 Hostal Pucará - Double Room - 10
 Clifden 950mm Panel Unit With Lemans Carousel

-=-=-=-=-

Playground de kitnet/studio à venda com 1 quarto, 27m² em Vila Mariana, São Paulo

-=-=-=-=-

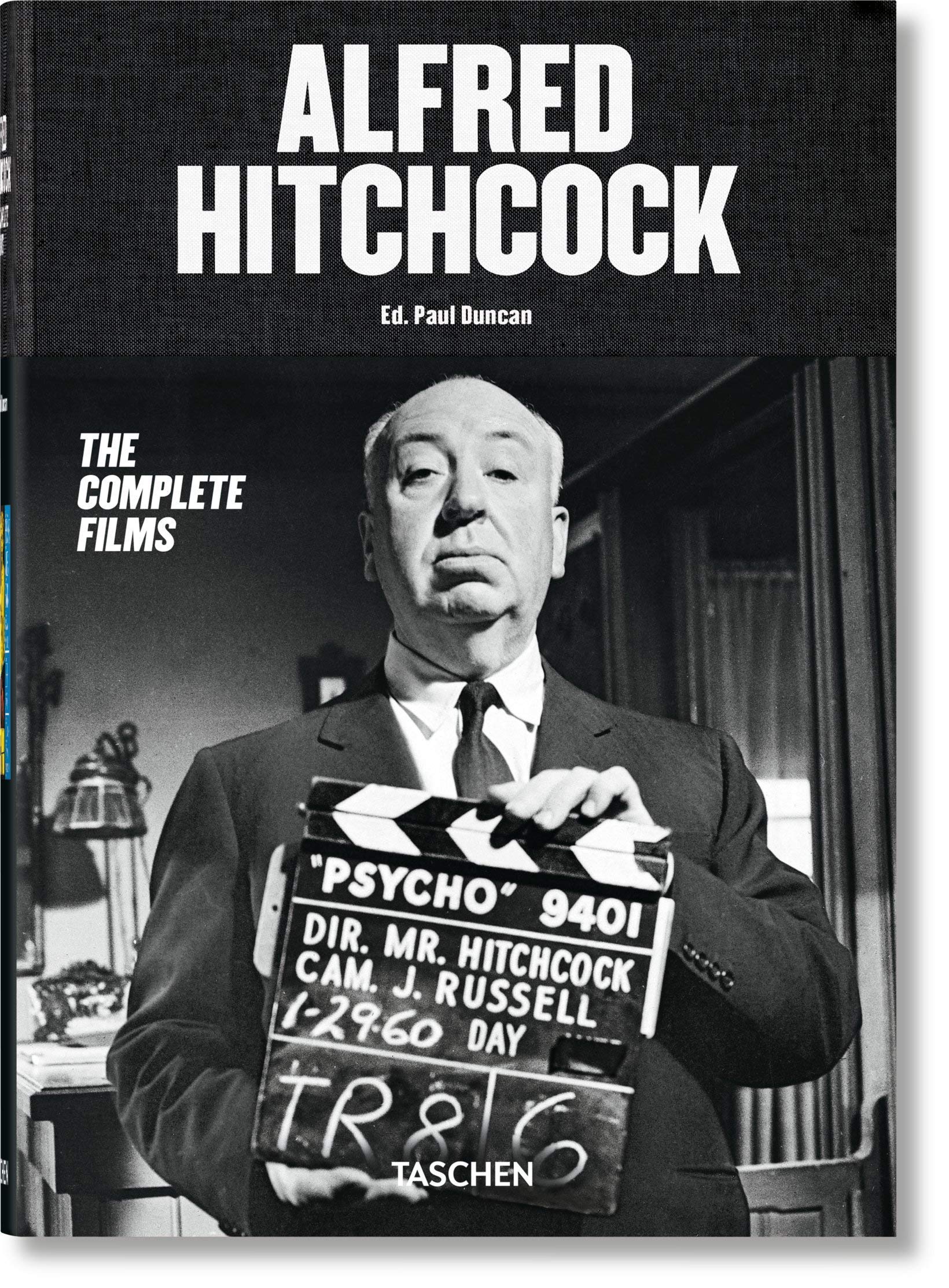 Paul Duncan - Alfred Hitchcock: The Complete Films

-=-=-=-=-

Copy out only the lines of the records above from the one with "Hostal Pucará - Double Room - 10" through the one with "Clifden 950mm Panel", exactly as they stand, both included.

- Response
 Hostal Pucará - Double Room - 10
 Clifden 950mm Panel Unit With Lemans Carousel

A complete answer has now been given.